"As the greatest danger to liberty is from large standing armies, it is best to prevent them by an effectual provision for a good militia." - James Madison, notes of debates in the 1787 Federal Convention.

“What, sir, is the use of a militia? It is to prevent the establishment of a standing army, the bane of liberty....Whenever Governments mean to invade the rights and liberties of the people, they always attempt to destroy the militia, in order to raise an army upon their ruins. This was actually done by Great Britain at the commencement of the late revolution.” – Rep. Elbridge Gerry, August 17, 1789.

“The most effectual way to guard against a standing army, is to render it unnecessary. The most effectual way to render it unnecessary, is to give the general government full power to call forth the militia, and exert the whole natural strength of the Union, when necessary. Thus you will furnish the people with sure and certain protection, without recurring to this evil; and the certainty of this protection from the whole will be a strong inducement to individual exertion." – James Madison, 1788.

"...but if circumstances should at any time oblige the government to form an army of any magnitude, that army can never be formidable to the liberties of the people, while there is a large body of citizens, little if at all inferior to them in discipline and use of arms, who stand ready to defend their rights..." - Alexander Hamilton, The Federalist 29.

"As the military forces which must occasionally be raised to defend our country, might pervert their power to the injury of their fellow citizens, the people are confirmed by the next article (of amendment) in their right to keep and bear their private arms." - Federal Gazette, June 18, 1789

"Before a standing army can rule, the people must be disarmed; as they are in almost every kingdom of Europe. The supreme power in America cannot enforce unjust laws by the sword; because the whole body of the people are armed, and constitute a force superior to any band of regular troops that can be, on any pretence, raised in the United States." - Noah Webster, An Examination into the Leading Principles of the Federal Constitution, 1787

"In a Republic every man ought to be a soldier, and prepared to resist tyranny and usurpation, as well as invasion, and to prevent the greatest of all evils--a standing army." - James Jackson, "The Debates and Proceedings in the Congress of the United States," Gales and Seaton, pub., 1834

“Always remembering that an armed and trained militia is the firmest bulwark of republics—that without standing armies their liberty can never be in danger, nor with large ones safe” - James Madison, First Inaugural address, Saturday, March 4, 1809.

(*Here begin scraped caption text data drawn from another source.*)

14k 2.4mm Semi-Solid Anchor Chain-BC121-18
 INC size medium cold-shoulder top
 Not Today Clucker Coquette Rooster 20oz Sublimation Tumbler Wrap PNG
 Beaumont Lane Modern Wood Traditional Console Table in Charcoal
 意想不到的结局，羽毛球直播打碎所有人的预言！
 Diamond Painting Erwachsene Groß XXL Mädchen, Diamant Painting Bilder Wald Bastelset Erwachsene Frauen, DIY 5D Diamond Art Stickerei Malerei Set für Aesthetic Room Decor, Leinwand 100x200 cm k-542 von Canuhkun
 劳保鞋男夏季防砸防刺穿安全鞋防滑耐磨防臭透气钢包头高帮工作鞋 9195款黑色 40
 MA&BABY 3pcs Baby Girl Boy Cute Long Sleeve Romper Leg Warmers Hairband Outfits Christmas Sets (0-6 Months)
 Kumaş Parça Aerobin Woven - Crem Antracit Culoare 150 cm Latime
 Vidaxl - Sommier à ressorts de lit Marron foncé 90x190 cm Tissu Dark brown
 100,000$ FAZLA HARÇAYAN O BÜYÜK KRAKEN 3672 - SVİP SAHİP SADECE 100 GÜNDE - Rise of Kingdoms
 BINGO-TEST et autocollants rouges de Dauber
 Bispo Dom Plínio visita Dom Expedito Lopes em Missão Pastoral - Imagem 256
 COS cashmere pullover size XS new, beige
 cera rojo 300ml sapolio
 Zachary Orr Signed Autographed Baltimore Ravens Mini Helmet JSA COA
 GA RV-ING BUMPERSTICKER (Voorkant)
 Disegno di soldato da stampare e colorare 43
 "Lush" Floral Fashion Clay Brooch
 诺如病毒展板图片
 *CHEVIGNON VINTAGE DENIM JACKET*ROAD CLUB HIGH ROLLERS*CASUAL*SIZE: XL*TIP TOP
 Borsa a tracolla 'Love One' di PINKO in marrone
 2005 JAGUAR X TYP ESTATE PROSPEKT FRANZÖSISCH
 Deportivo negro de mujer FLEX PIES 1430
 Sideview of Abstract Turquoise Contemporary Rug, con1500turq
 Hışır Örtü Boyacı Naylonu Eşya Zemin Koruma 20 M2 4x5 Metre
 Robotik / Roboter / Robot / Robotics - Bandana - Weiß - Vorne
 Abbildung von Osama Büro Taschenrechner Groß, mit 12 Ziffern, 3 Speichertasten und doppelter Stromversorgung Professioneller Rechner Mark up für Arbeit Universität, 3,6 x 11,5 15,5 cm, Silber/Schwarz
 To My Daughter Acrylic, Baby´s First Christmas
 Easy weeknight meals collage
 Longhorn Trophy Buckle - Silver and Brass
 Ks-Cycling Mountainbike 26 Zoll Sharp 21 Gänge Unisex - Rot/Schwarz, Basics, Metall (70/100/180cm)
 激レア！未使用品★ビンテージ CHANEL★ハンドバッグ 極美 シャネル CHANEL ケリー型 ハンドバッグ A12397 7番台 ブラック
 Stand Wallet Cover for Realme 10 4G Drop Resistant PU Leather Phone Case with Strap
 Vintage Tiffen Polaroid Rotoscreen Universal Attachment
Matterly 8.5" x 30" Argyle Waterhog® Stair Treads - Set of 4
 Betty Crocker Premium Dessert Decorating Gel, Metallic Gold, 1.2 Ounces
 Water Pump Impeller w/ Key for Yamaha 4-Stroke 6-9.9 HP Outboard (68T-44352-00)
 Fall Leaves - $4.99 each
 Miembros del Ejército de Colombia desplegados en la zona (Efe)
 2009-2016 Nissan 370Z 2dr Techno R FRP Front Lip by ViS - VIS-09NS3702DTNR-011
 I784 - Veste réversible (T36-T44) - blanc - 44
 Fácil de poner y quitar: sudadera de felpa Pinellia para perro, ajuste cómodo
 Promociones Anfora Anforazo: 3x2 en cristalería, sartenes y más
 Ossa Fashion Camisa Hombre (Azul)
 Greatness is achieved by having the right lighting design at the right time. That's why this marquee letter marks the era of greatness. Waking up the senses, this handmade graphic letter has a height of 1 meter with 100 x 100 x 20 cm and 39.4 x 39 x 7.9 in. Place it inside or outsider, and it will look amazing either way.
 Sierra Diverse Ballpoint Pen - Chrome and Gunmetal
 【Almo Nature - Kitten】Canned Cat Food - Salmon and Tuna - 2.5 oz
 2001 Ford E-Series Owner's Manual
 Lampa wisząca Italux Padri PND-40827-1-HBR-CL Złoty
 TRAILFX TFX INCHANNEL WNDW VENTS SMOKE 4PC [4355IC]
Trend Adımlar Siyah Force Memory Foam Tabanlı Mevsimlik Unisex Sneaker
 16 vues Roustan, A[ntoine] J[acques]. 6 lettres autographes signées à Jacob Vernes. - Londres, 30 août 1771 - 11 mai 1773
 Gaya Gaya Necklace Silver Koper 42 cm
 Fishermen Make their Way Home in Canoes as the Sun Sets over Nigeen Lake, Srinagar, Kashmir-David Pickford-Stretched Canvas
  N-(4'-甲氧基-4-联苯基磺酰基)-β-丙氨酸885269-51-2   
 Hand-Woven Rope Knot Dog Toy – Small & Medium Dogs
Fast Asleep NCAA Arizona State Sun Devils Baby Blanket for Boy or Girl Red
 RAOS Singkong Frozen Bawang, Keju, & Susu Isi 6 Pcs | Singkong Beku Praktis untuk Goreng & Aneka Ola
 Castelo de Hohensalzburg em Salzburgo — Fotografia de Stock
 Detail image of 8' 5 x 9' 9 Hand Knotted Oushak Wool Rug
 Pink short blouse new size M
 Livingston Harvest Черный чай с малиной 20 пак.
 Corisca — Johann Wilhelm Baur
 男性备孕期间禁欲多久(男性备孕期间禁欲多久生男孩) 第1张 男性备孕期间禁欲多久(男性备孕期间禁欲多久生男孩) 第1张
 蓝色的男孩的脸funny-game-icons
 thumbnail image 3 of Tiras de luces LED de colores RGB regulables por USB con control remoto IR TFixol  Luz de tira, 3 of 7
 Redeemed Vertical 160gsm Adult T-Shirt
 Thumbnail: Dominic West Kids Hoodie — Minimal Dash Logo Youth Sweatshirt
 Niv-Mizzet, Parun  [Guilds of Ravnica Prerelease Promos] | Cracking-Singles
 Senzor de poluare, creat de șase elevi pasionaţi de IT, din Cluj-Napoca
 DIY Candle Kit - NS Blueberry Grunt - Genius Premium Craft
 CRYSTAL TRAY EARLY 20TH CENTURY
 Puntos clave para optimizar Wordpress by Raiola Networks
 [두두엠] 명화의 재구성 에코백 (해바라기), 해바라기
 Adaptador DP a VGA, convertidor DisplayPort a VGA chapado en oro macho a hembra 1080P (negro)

"There are instruments so dangerous to the rights of the nation and which place them so totally at the mercy of their governors that those governors, whether legislative or executive, should be restrained from keeping such instruments on foot but in well-defined cases. Such an instrument is a standing army. Nor is it conceived needful or safe that a standing army should be kept up in time of peace." - Thomas Jefferson, letter to David Humphreys, 1789. ME 7:323

"It would be well for Americans to reflect upon the passage in Tacitus,...Is there any escape from a large standing army, but in a well disciplined militia?" Joseph Story, Dane Professor of Law in Harvard University, Commentaries on the Constitution of the United States (1833), Book III at 747, Footnote 1 [English Translation from Tacitus, (Hist. IV. ch. 74).